For most newly married couples, wedding gifts don’t just come in boxes, they come as cash. And suddenly, there’s this feeling that now is the right time to upgrade everything at once. A fancier honeymoon, new gadgets, maybe even a better house.
This is exactly where couples need to pause. For a few days, the money feels like permission to upgrade everything. But instead of treating it as bonus income, think of it as seed capital for your new financial life together.
That small shift in thinking can make a big difference.
Here’s the ideal way how couples can make the most of their wedding gift money.
The biggest mistake couples make is spending the money too quickly. Emotions are high after the wedding, and every expense feels justified.

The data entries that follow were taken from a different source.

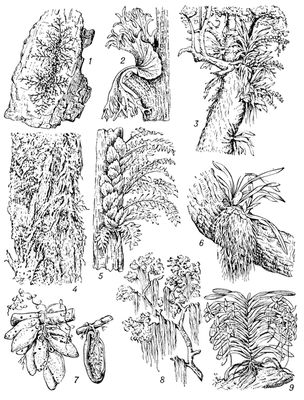 Эпифиты (на стволах и ветвях деревьев): 1 — печёночный мох (Frullania); 2 — папоротник (Platycerium); 3 — орхидея (Angraecum); 4 — лишайник (Alectoria); 5 — папоротник (Polypodium quercifolium); 6 — орхидея (Oncidium); 7 — дисхидия (Dischidia rafflesiana); общий вид и вскрытый мешковидный лист её, содержащий внутри собственные корни; 8 — тилландсия (Tillandsia usneoides); 9 — орхидея (Macrolepton).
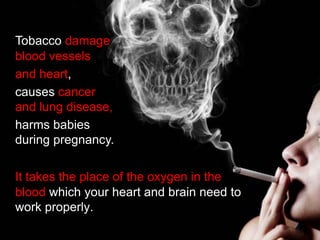 Tobacco damage
blood vessels
and heart,
causes cancer
and lung disease,
harms babies
during pregnancy.

It takes the place of the oxygen in the
blood which your heart and brain need to
work properly.
 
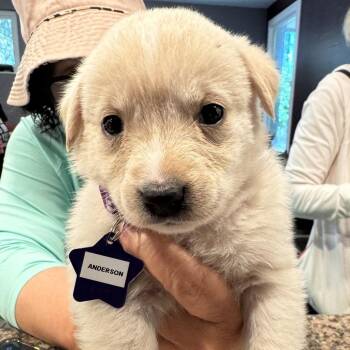 Anderson -  Mixed Breed Dog for Adoption in San Francisco, California - Anderson | PetCurious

Abhishek Dev, Co-Founder & CEO of Epsilon Money suggests a simple rule: park the entire amount somewhere safe and liquid before doing anything else. “This cooling-off phase protects your money and creates some distance between the joy of receiving it and the urge to splurge.”
Where should you keep this money? A savings account, liquid fund or sweep FD works just fine. You’re not chasing returns here, you’re buying yourself time to think clearly.
Before investing or upgrading your lifestyle, make sure you have an emergency fund in place.
Sit down and calculate at least six months of essential expenses, like rent, EMIs, groceries, insurance and basic transport.
This money should be kept separate from everything else. Think of it as your marital shock absorber, the fund that protects you if one of you loses a job, has a health issue, or faces an unexpected expense.
Where should you keep the money? Ultra short-term or money market mutual funds are good options here. They’re stable, liquid and do exactly what an emergency fund should do, stay boring.
Once the safety net is ready, the remaining cash shouldn’t just be invested in one go. Dev recommends breaking it into clear buckets based on when you’ll need the money.
Where should you keep the money?- Short-term goals (within 3 years): This could be a vacation, setting up your home, or a small car upgrade.
“For these goals, don’t take too much risk,” Dev says. “Low-risk options with a small equity exposure, like hybrid funds with 10-20 percent in equities, work better.”
- Medium to long-term goals (5 years or more): This includes things like a home down payment, child’s education, or long-term wealth creation. These goals can handle more equity because time is on your side. So, diversified equity mutual funds are better suited here.
The idea is simple: the sooner you need the money, the safer the investment should be.
Yes, you should enjoy some of it too
Being sensible doesn’t mean cutting out joy completely. Dev strongly believes that some part of the wedding money should be used for enjoyment, intentionally.
When fun spending is planned, it doesn’t clash with long-term goals, and you don’t feel the need to overspend later.
Wedding gift money is often the first big financial decision couples make together. Spend it without a plan, and it quietly disappears. Use it well, and it becomes the foundation of your shared financial life.